One of the trends I have watched is the state of Russia in decline and at a crossroads. The great eastern nation now stands at an important point in her history, following an almost century-long rape by the Bolsheviks from which she has never been able to recover. This is not to say that Russia does not have potential or hope, but that right now, barring a miracle (which is more possible than many would seem to think), Russia is dangerously walking down the same road, by choice, back to communism in her own version of MAGA, except this one being a Russian version. As such, we see Russia embracing the occultism masquerading as Orthodoxy of Dugin and his Eurasianist acolytes as well as the direct moves from the central government towards reviving old policies and rules not seen since the Soviet era.
However, all of the turn towards these measures is not nor is it going to help Russia, because the decline of that nation can be directly traced, in a political sense, to the Bolsheviks and their twisted plans. Russia may be the largest nation, but her population is well below that during the Soviet era and continues to decline through death, emigration (people leave Russia, seldom the reverse), and self-destructive behavior, and have far below the needed children to sustain her nation. Likewise, she is seeing a massive influx of migrants as low-cost labor from Central Asia that is causing a major demographic and even a religious shift towards Islam. Orthodox Christianity, as I have pointed out, it is a major crisis in Russia between its absolute subversion by the government as a tool of nationalism, to the non-practice of many youth and people who are able to have children, to the fact that there is a tremendous homosexual problem that is simply covered up but festers actively within the ranks of the clergy. Drug use, African-tier HIV rates, suicide, drunkenness, rampant poverty, difficult to comprehend levels of corruption among the oligarchy, and general disorganization create a nation that is more attuned to at the current time in history of LARPing as a superpower than actually being able to act as one.

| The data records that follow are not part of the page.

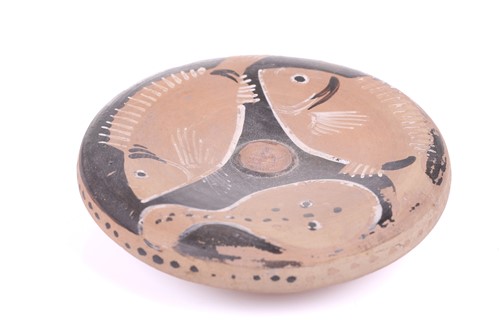 Lot 235 - An Apulian style red-figured fish plate,...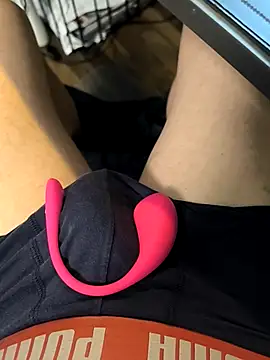 Snapshot of geilehecke1 chatting on 09.12.25 geilehecke1 online show from 09.12.25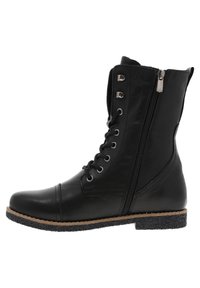 Bottine en cuir noir avec un laçage à l'avant, fermeture éclair sur le côté et semelle en caoutchouc texturé. Elle présente un bout arrondi et des détails de couture distincts.
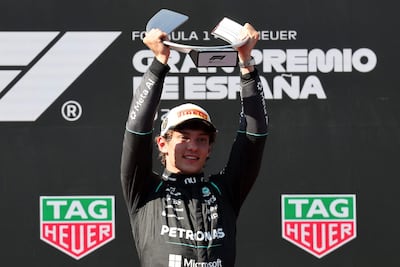 El pilloto italiano de Mercedes, Andrea Kimi Antonelli, celebra la victoria en Madrid con su trofeo bien en alto.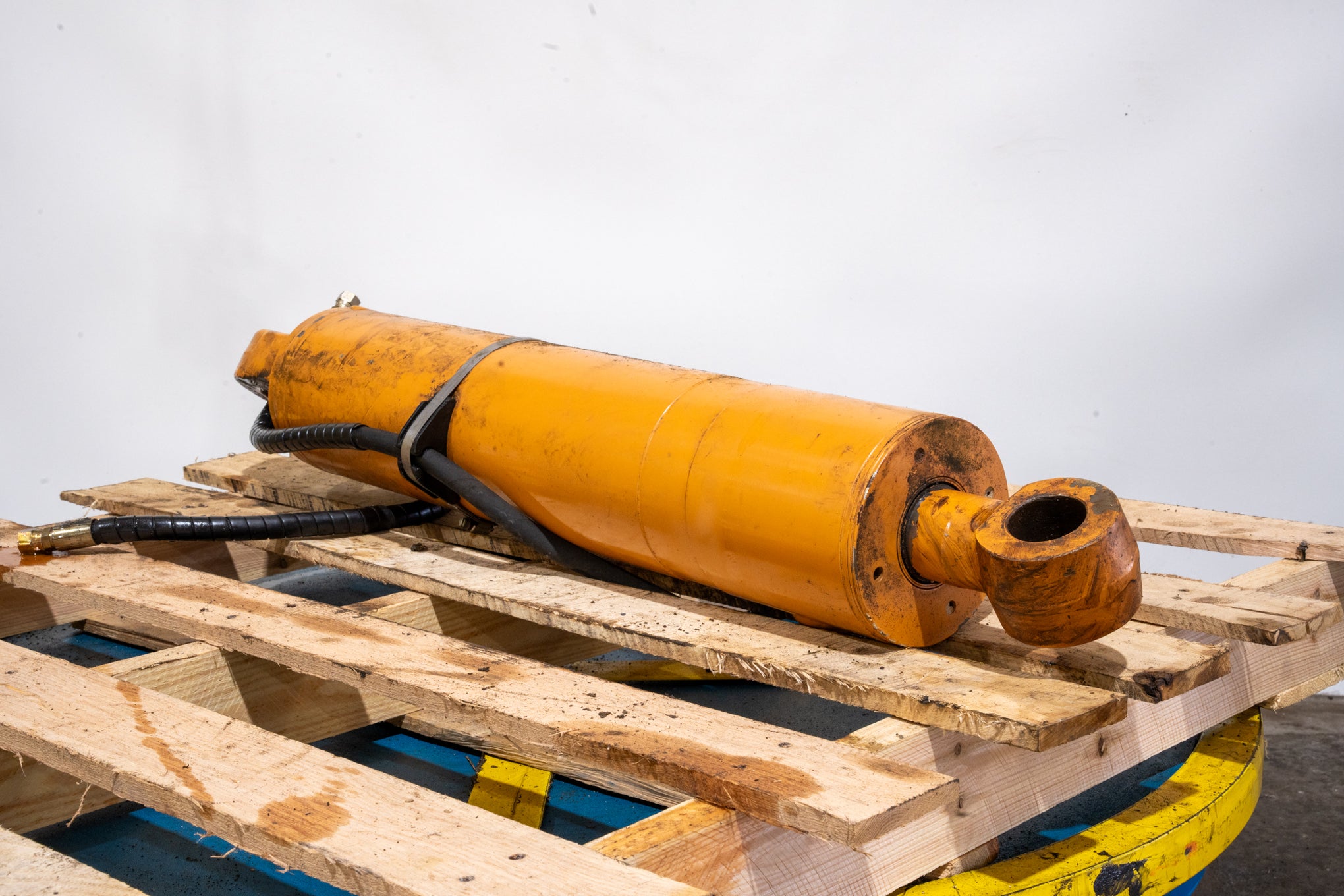 Outrigger Cylinder - 177257A1U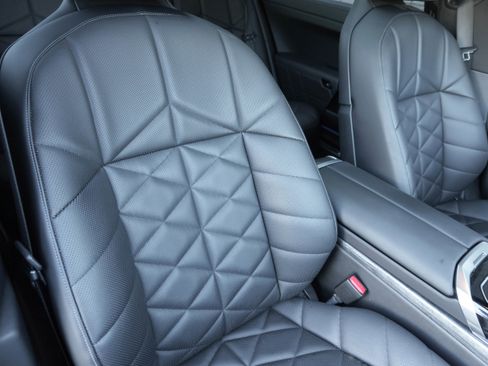 Certified 2023 BMW 740i image 14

There is a tremendous amount of stress in Russia that could break the nations from here lands east of the Urals, which would cause the collapse of the nation as her power derives from Siberia and Central Asia. In response to pressure, Russia has attempted to turn more autarchal, which is her traditional strategy. However, the question remains as to how long this can be maintained given current technology and the interconnected nature of the world.
It is of interest then that right now in Russia there are many protests about the arrest of Aleksy Navaly, the only real ‘opposition’ political candidate to President Putin who survived what all factors strongly suggest was a target for assassination by the Kremlin as the Wall Street Journal reports.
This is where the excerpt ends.